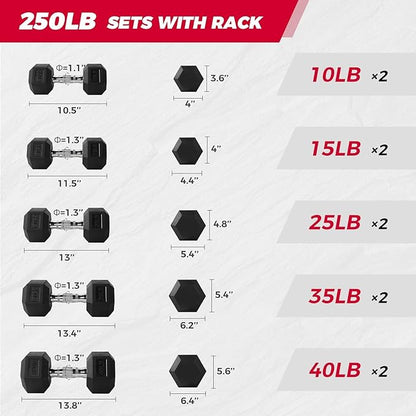 RitFit 250LB/300LB/350LB/550LB/650LB Rubber Hex Dumbbell Sets with Weights Rack, Multiple Color Choices Available, Great Gym Equipment for Home, Strength Training, Workouts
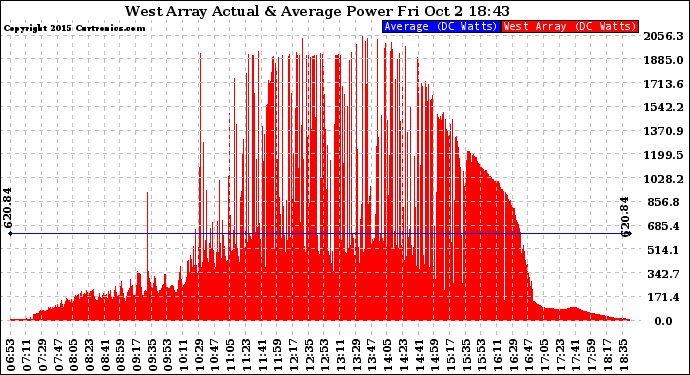 Solar PV/Inverter Performance West Array Actual & Average Power Output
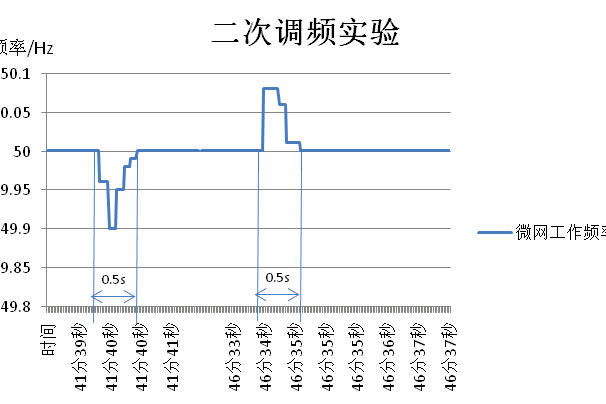 二次調頻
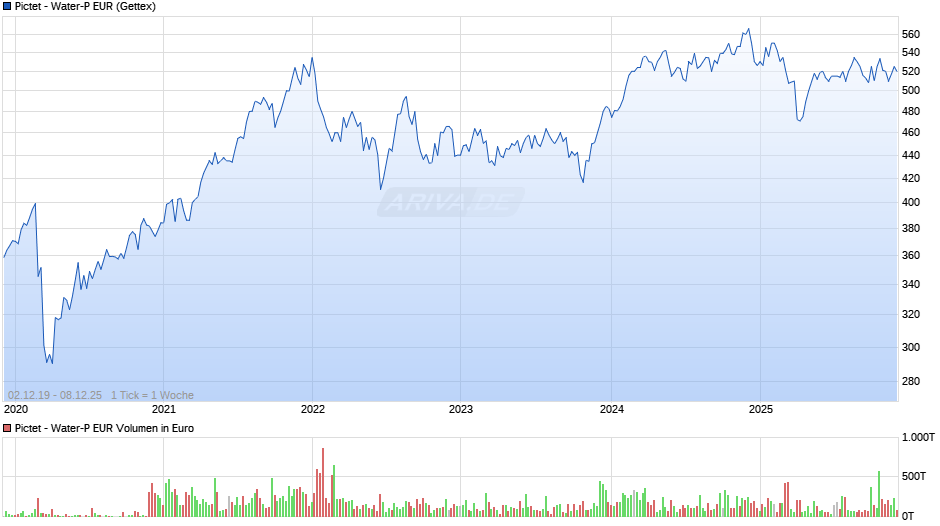 Pictet - Water-P EUR Chart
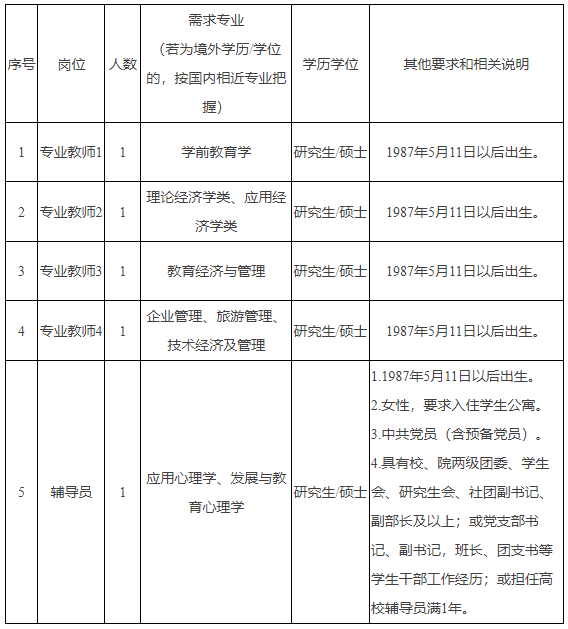 金華監(jiān)理工程師招聘金華監(jiān)理工程師招聘網(wǎng)最新招聘信息  第1張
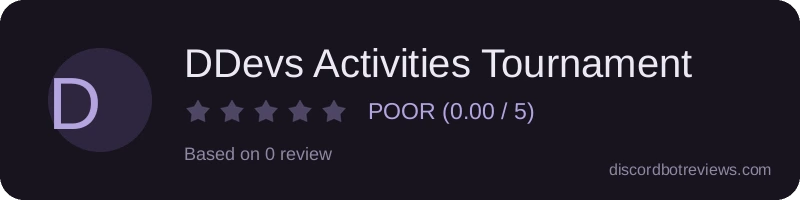 Rating
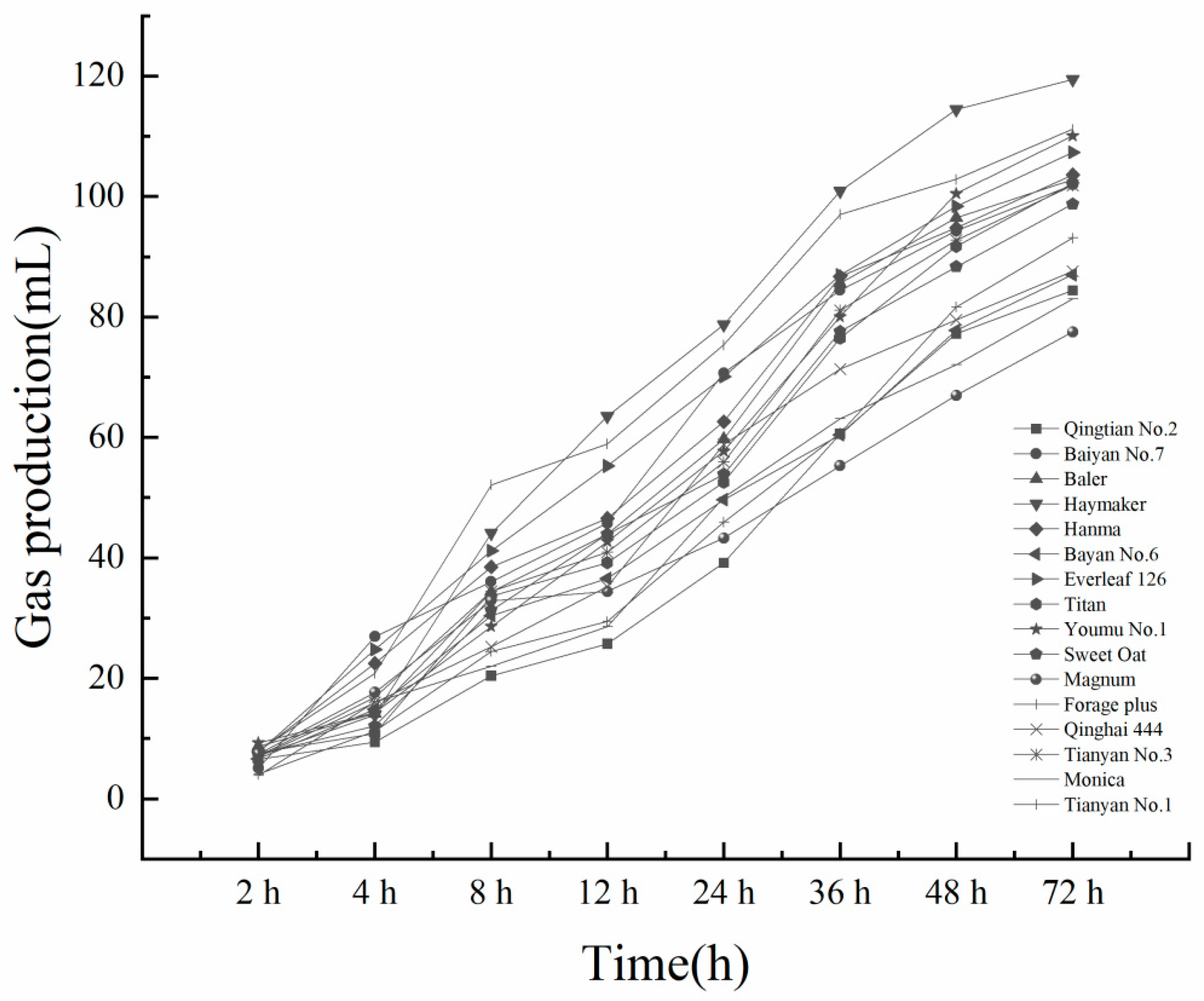 Agronomy 15 01414 g001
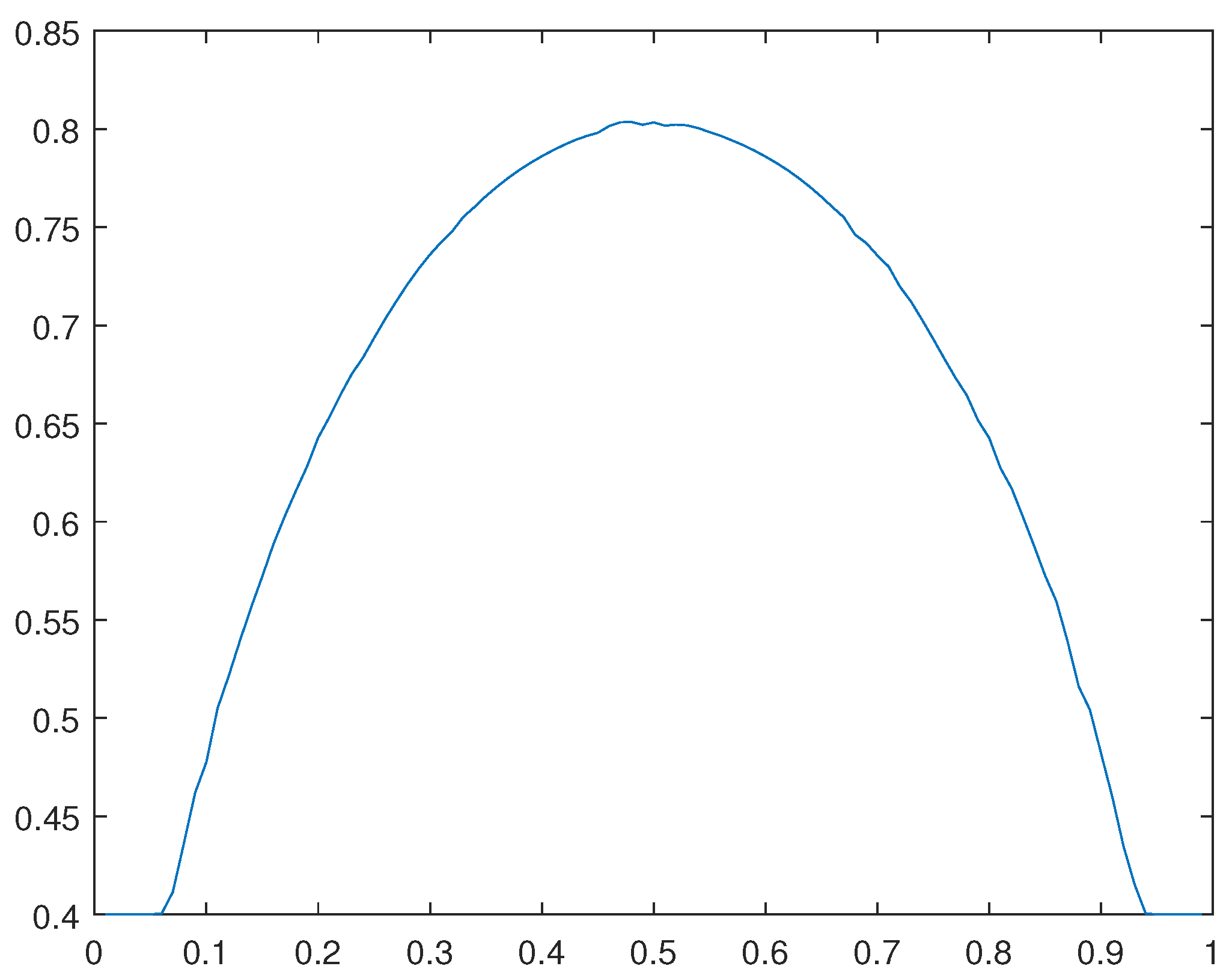 Preprints 111778 g021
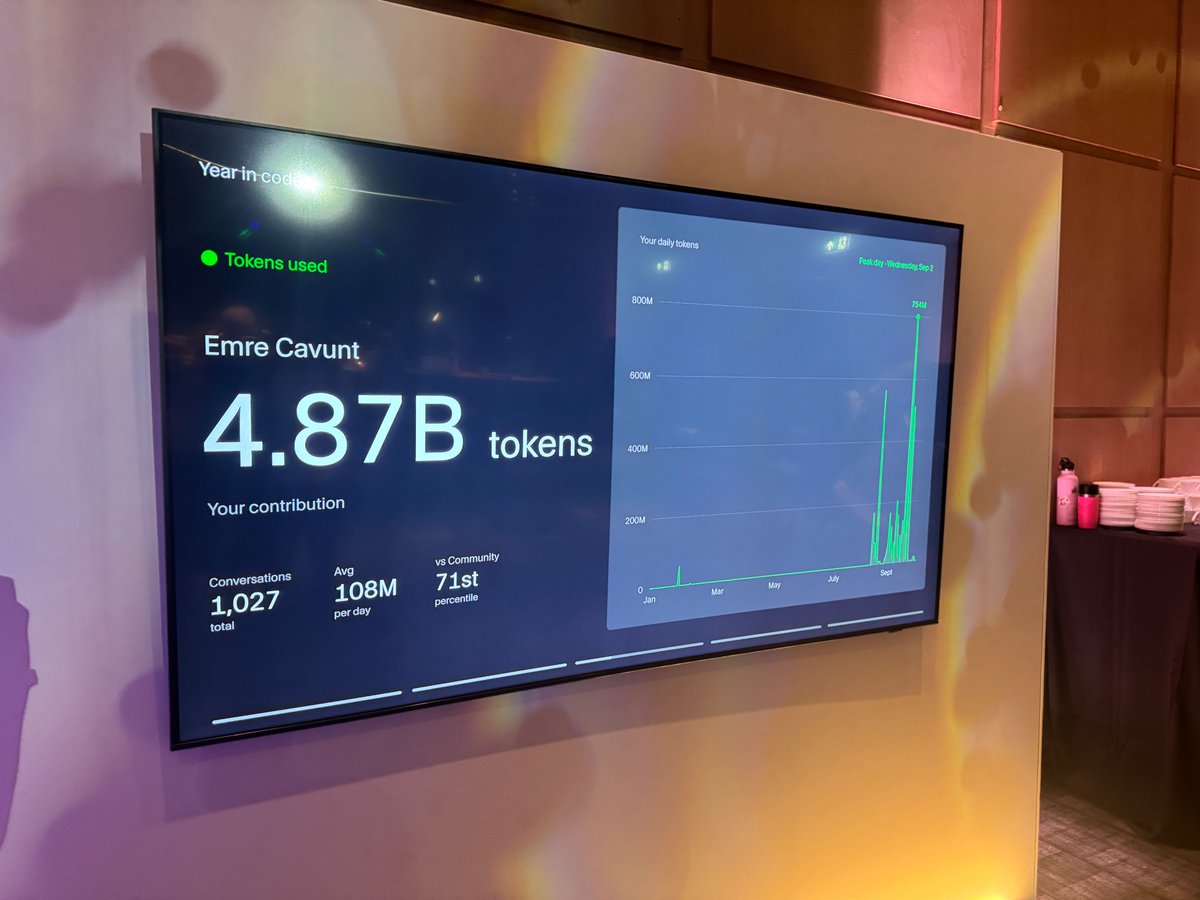 EmreCavunt's tweet photo. Inside COMPILE 26.

Flat white in the dark, neon on the wall, and a Year in code screen that just called me "The Senior."

743 days. 4.87B tokens. Peak day: 754M.

The facility gets it. https://t.co/gipp8wXpgC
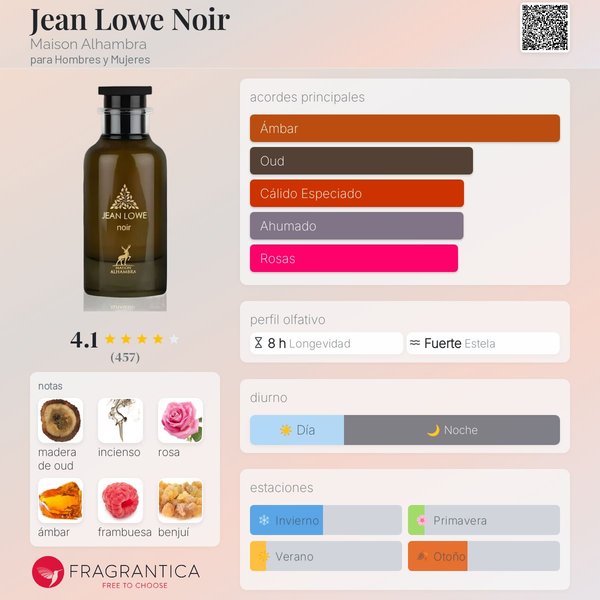 MAISON ALHAMBRA JEAN LOWE NOIR EDP 100 ML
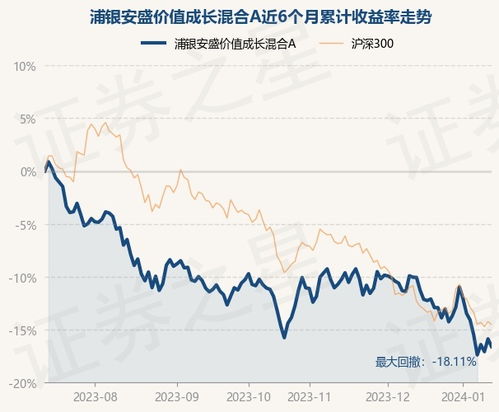 浦银安盛价值成`长基金怎么样教育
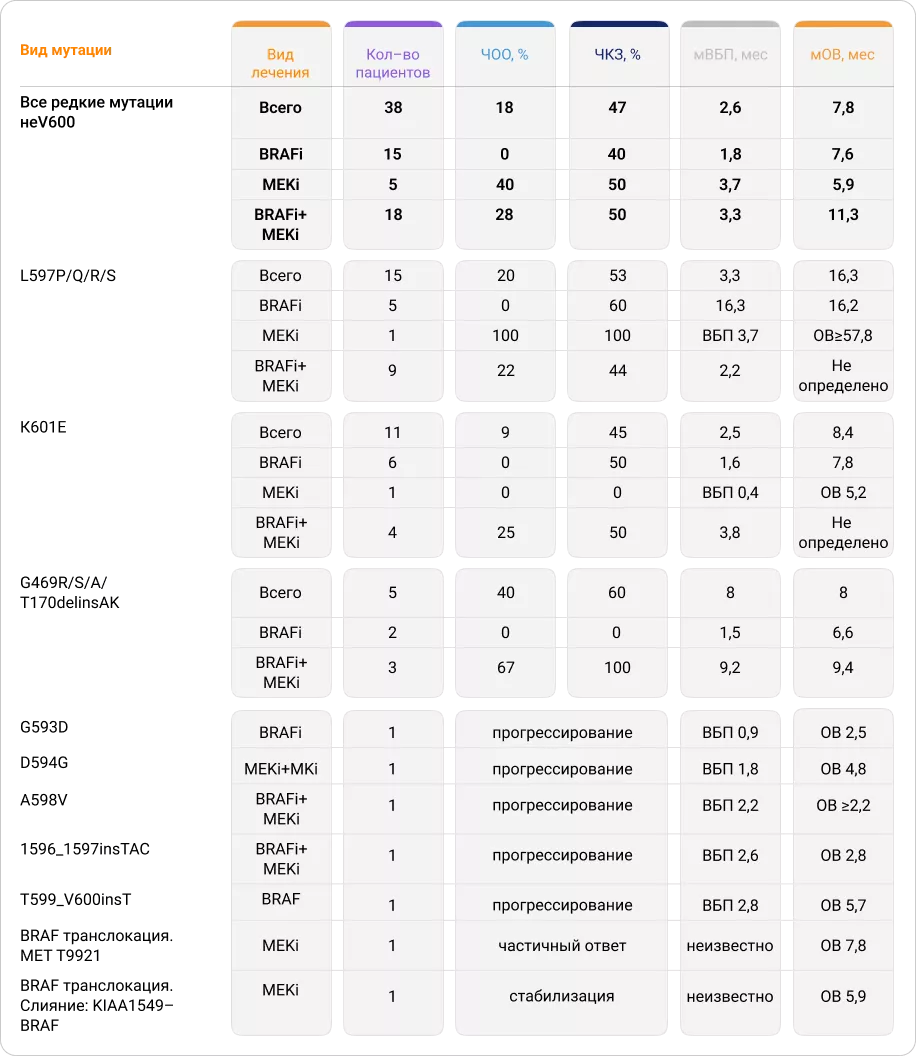Эффективность таргетной терапии BRAFi/MEKi у пациентов с меланомой кожи с редкими типами мутаций BRAF неV6001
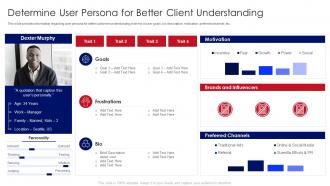 User Persona For Better Client Understanding Developing Product With Agile Teams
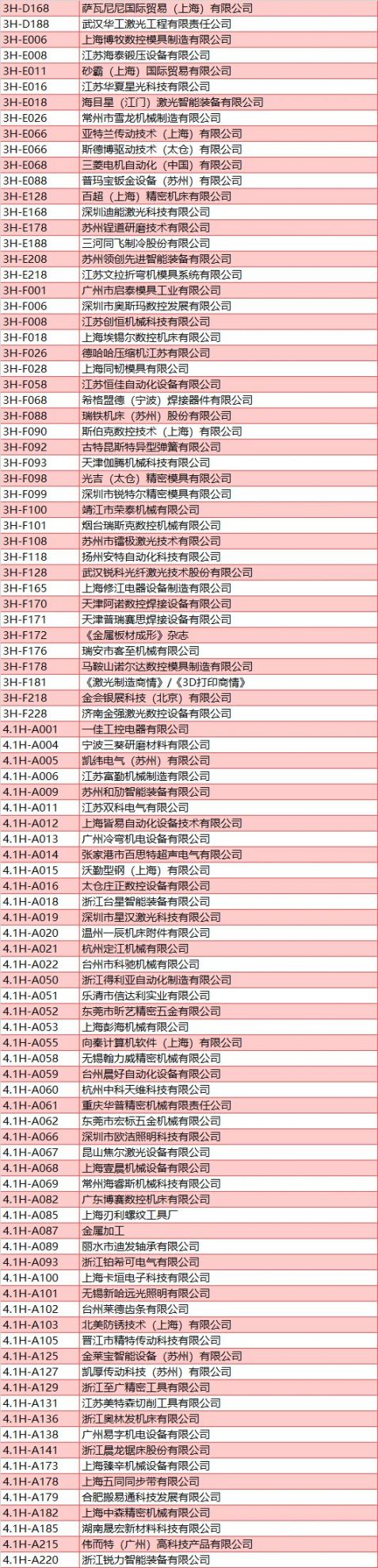 2020上海工博会展商名录 (完整版)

Activity ▸
The records above, minus their pictures, are to be returned word for word.

Solution below ▸
 RitFit 250LB/300LB/350LB/550LB/650LB Rubber Hex Dumbbell Sets with Weights Rack, Multiple Color Choices Available, Great Gym Equipment for Home, Strength Training, Workouts
 Solar PV/Inverter Performance West Array Actual & Average Power Output
 二次調頻
 Pictet - Water-P EUR Chart
 金華監(jiān)理工程師招聘金華監(jiān)理工程師招聘網(wǎng)最新招聘信息  第1張
 Rating
 Agronomy 15 01414 g001
 Preprints 111778 g021
 EmreCavunt's tweet photo. Inside COMPILE 26.

Flat white in the dark, neon on the wall, and a Year in code screen that just called me "The Senior."

743 days. 4.87B tokens. Peak day: 754M.

The facility gets it. https://t.co/gipp8wXpgC
 MAISON ALHAMBRA JEAN LOWE NOIR EDP 100 ML
 浦银安盛价值成`长基金怎么样教育
Эффективность таргетной терапии BRAFi/MEKi у пациентов с меланомой кожи с редкими типами мутаций BRAF неV6001
 User Persona For Better Client Understanding Developing Product With Agile Teams
 2020上海工博会展商名录 (完整版)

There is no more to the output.